Top of STORED DATA
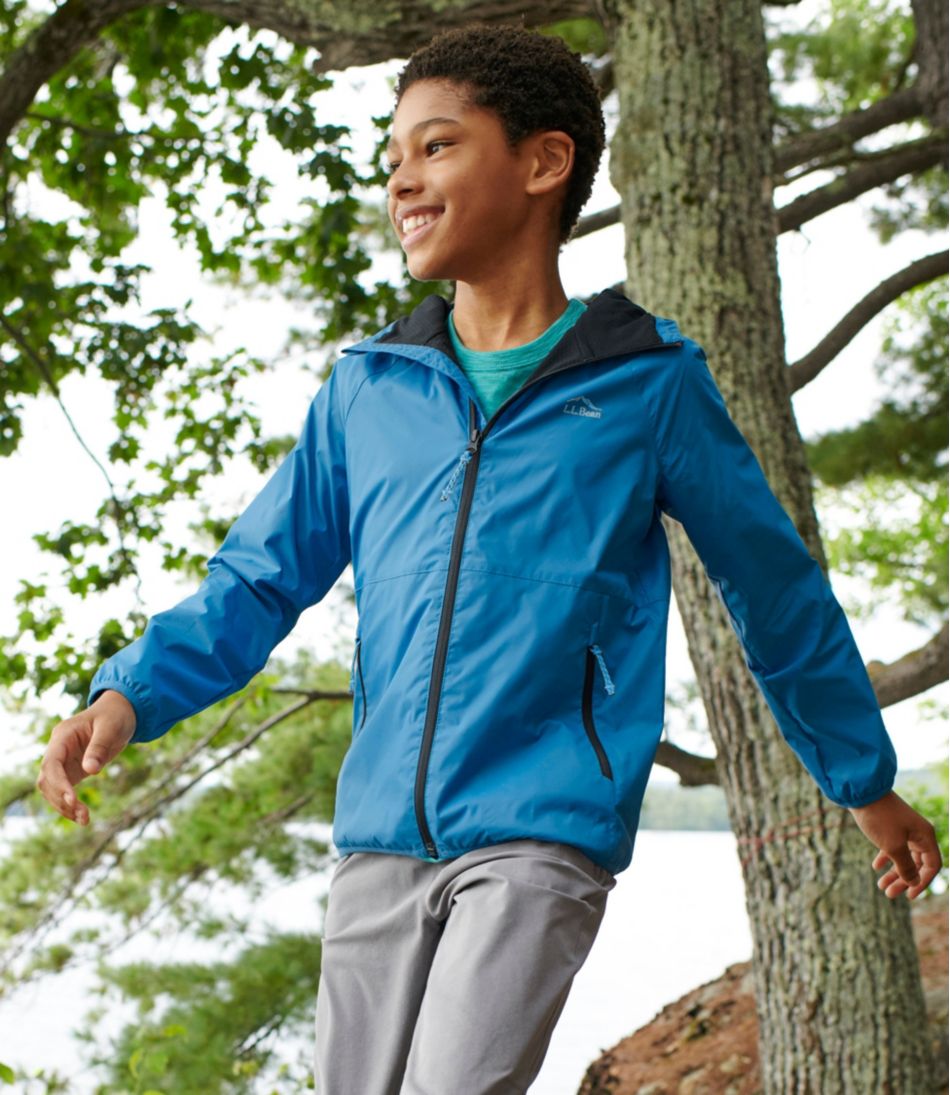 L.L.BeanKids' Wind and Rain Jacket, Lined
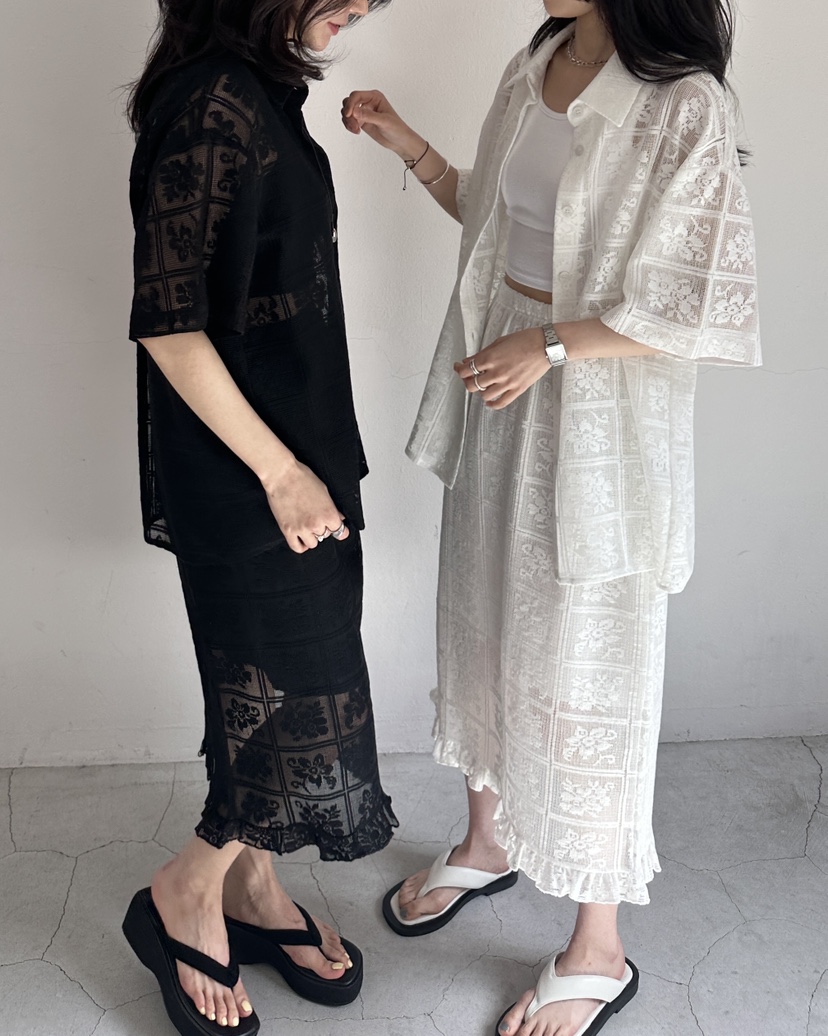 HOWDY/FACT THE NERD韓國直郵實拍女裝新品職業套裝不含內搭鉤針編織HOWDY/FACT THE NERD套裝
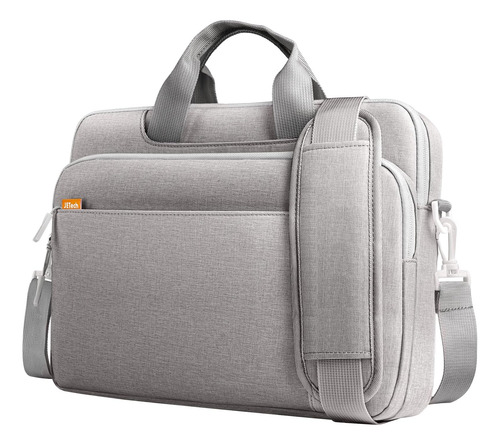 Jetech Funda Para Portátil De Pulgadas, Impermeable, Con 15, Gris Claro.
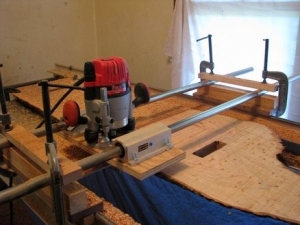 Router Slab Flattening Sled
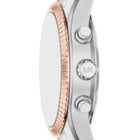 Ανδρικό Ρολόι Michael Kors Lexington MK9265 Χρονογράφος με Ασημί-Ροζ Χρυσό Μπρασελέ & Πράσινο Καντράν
Bottom of STORED DATA
# WORK REQUEST
Write the data out again exactly, but without its images.

# RESPONSE TO THE EXERCISE
 L.L.BeanKids' Wind and Rain Jacket, Lined
 HOWDY/FACT THE NERD韓國直郵實拍女裝新品職業套裝不含內搭鉤針編織HOWDY/FACT THE NERD套裝
 Jetech Funda Para Portátil De Pulgadas, Impermeable, Con 15, Gris Claro.
 Router Slab Flattening Sled
 Ανδρικό Ρολόι Michael Kors Lexington MK9265 Χρονογράφος με Ασημί-Ροζ Χρυσό Μπρασελέ & Πράσινο Καντράν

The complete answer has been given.